The father of Tina Frost, the Maryland native who was shot during the Las Vegas massacre, says he is grateful she's home for the holidays.

"It is a Christmas miracle," Rich Frost told News4.

Tina Frost is receiving outpatient care while she's home with her family in Anne Arundel County.

"It’s a struggle. It’s an adjustment because she has to get used to non-hospital life and she's not ready to be out in public," Rich Frost said Thursday night at a fundraiser for his daughter at Grotto Pizza in Gambrills, Maryland.

"She had a good day today, so that’s always a plus," he said.

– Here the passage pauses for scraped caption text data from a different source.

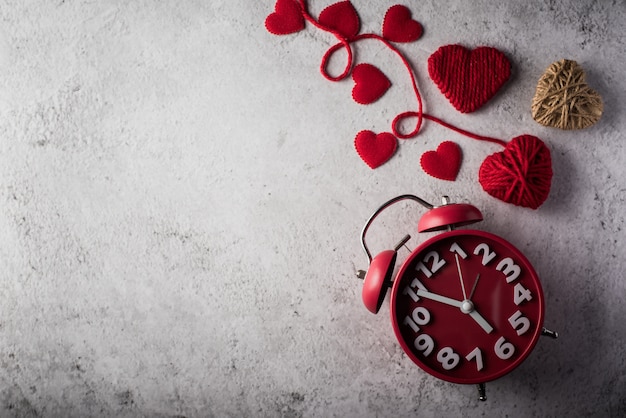 Despertador rojo con el corazón rojo, concepto del día de tarjetas del día de San Valentín.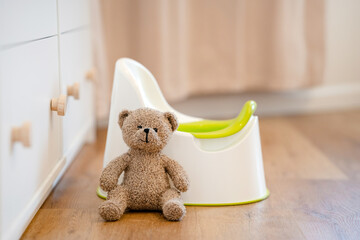 A toy bear sits on a baby potty in a room, the concept of potty training a child - obrazy, fototapety, plakaty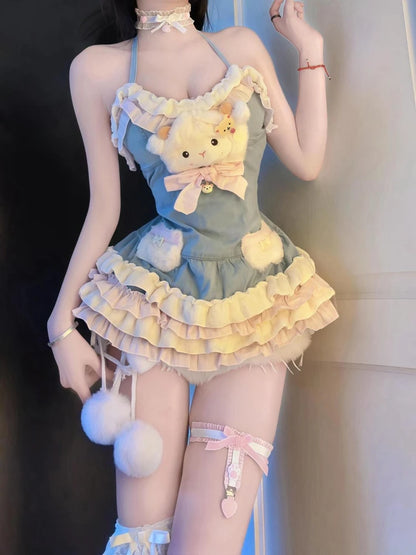 Back view of Little Lamb Plush Mini Dress with layered ruffles and pom-pom hem, pastel soft girl kawaii lolita ddlgirl vibes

Tina "will have several days off from all of the doctors, nurses, therapists, dieticians, technicians and everyone else who knocks on her door 'every five minutes,'” her family said earlier in the week on a GoFundMe page that has raised more than $600,000 for Frost.

She was among the hundreds of people shot at a concert in Las Vegas Oct. 1. The attack was the deadliest mass shooting in modern U.S. history, killing 58 people and injuring more than 500.

Frost’s boyfriend carried her from the scene of the shooting to a truck. The truck’s driver rushed Frost to a hospital, where doctors had to remove a bullet, which was lodged into her right eye, to save her life.

Since the shooting, Frost has been trying to redevelop her motor skills -- practicing throwing and kicking a rubber ball, baking cookies and painting her eye patch. She took her first steps since the shooting about a month ago.

She moved to the rehabilitation center from Johns Hopkins Nov. 28. Frost's boyfriend picked her up there Friday.